Here are five areas to start investigating as a way to implement degrowth:

  1. Embrace Experiential Luxury: Transitioning from product-focused offerings to experience-based engagements will allow brands to create lasting memories without contributing to overconsumption. For instance, luxury brands can develop unique experiences such as stays at branded hotels, special events, or exclusive classes, workshops, and conferences for business leaders. This approach helps maintain brand loyalty and consumer engagement without the necessity of purchasing a physical product.
  2. Build Out a Brand Universe: Developing a comprehensive brand universe with multiple points of entry will allow consumers to interact with your brand in diverse ways. This can include branded cafes, immersive brand experiences, or digital content platforms. Such interactions, even when they don’t result in immediate purchases, help in building deeper connections.
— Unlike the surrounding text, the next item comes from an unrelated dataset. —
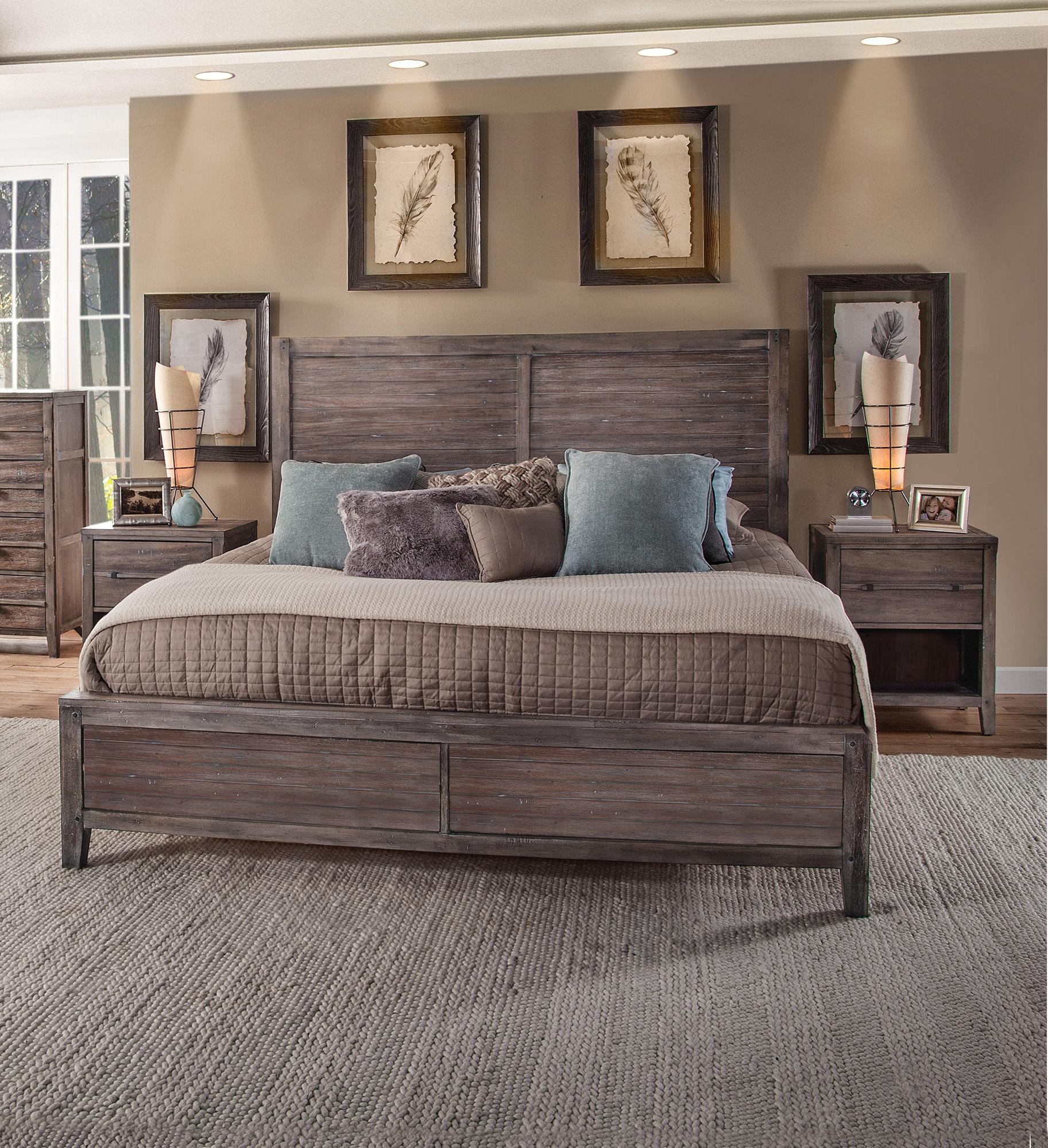 Classic, Traditional Panel Bedroom Set AURORA 2800-66PNPN 2800-66PNPN-2N-3PC in Driftwood, Gray 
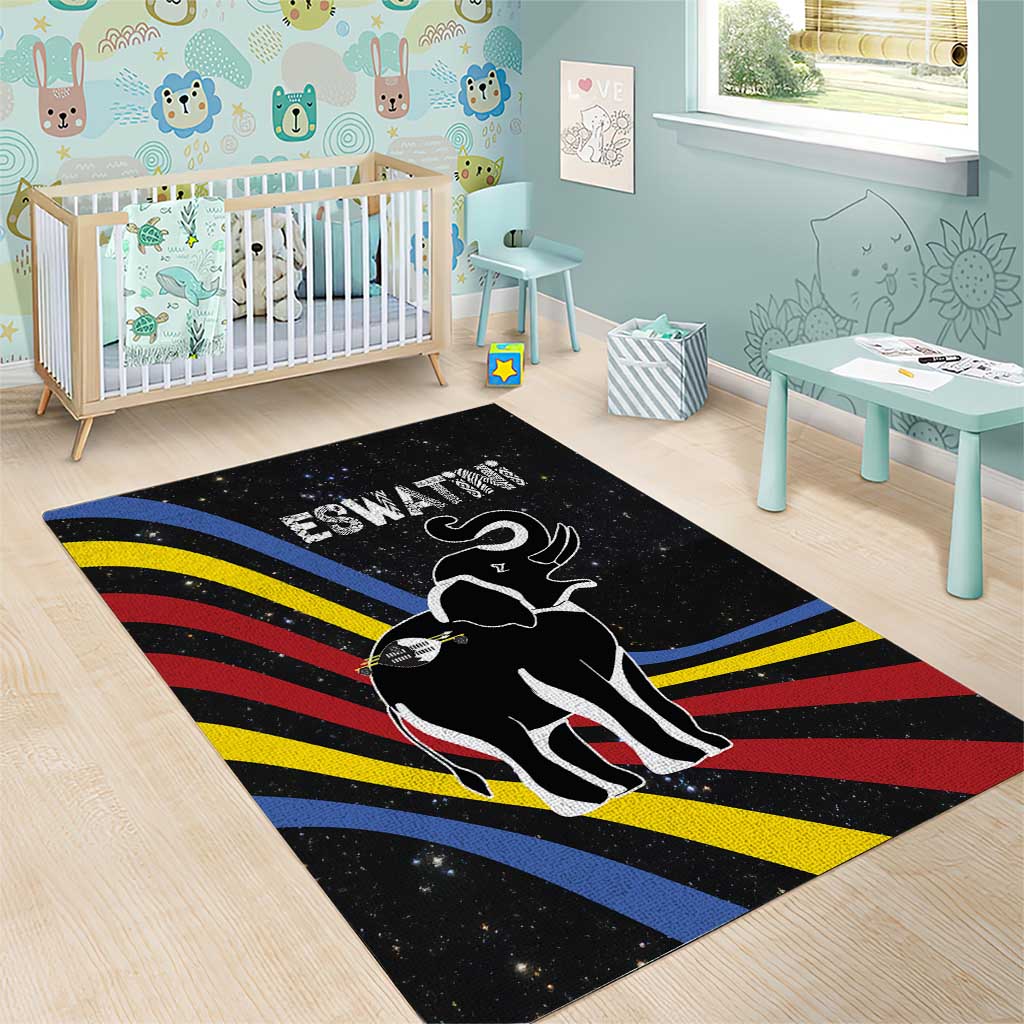 Eswatini Elephant Area Rug Swazi Flag Colors and Cosmic Background TS04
  3. Promote Conscious Consumption: Encouraging consumers to engage in conscious consumption helps in aligning the brand with sustainable practices. By offering products and experiences that emphasize sustainability and ethical consumption, luxury brands can appeal to the growing segment of environmentally conscious consumers. This approach not only enhances the brand’s image but also contributes positively to global sustainability efforts.
  4. Create New Exchanges: Developing new forms of transactional interactions that do not necessarily involve physical products can add significant value. For example offering subscription services, exclusive digital content, or virtual reality experiences that allow consumers to enjoy the brand without owning physical items. This can open up new revenue streams while maintaining aspirational allure.
  5. Focus on Reducing Over-Production as a Long-term Goal: Transitioning towards a model that prioritizes products with purpose and reducing distribution at retail to maintain – and in some cases regain – exclusivity should be a strategy for all luxury brands, whether emerging or established. Gradually implementing various aspects of the degrowth model by ensuring each products relevance in the brand eco-system, as well as its long-term appeal to future generations. Helping to create a wider consumer mindset shift which embraces the idea of brands producing less (a sold out sign or the reality of when its gone, its gone should be reintroduced), which at the luxury level equates to a reduction in market saturation and a return to desirability through true exclusivity, which will appeal to their long-term loyal customer base.
  6. Challenge the Current Retail Calendar: Consider introducing new collections in more meaningful ways by shifting to in-season deliveries which align with customer shopping habits and their expectations of when summer or winter product should be in-store. Couple with contracted discounting periods – during the natural seasonal changeover – encouraging increased sales at full price and purchasing for longevity.

These strategies will enable luxury brands to stay relevant in a changing market while promoting sustainability and conscious consumption, ultimately benefiting both the brand and the consumer.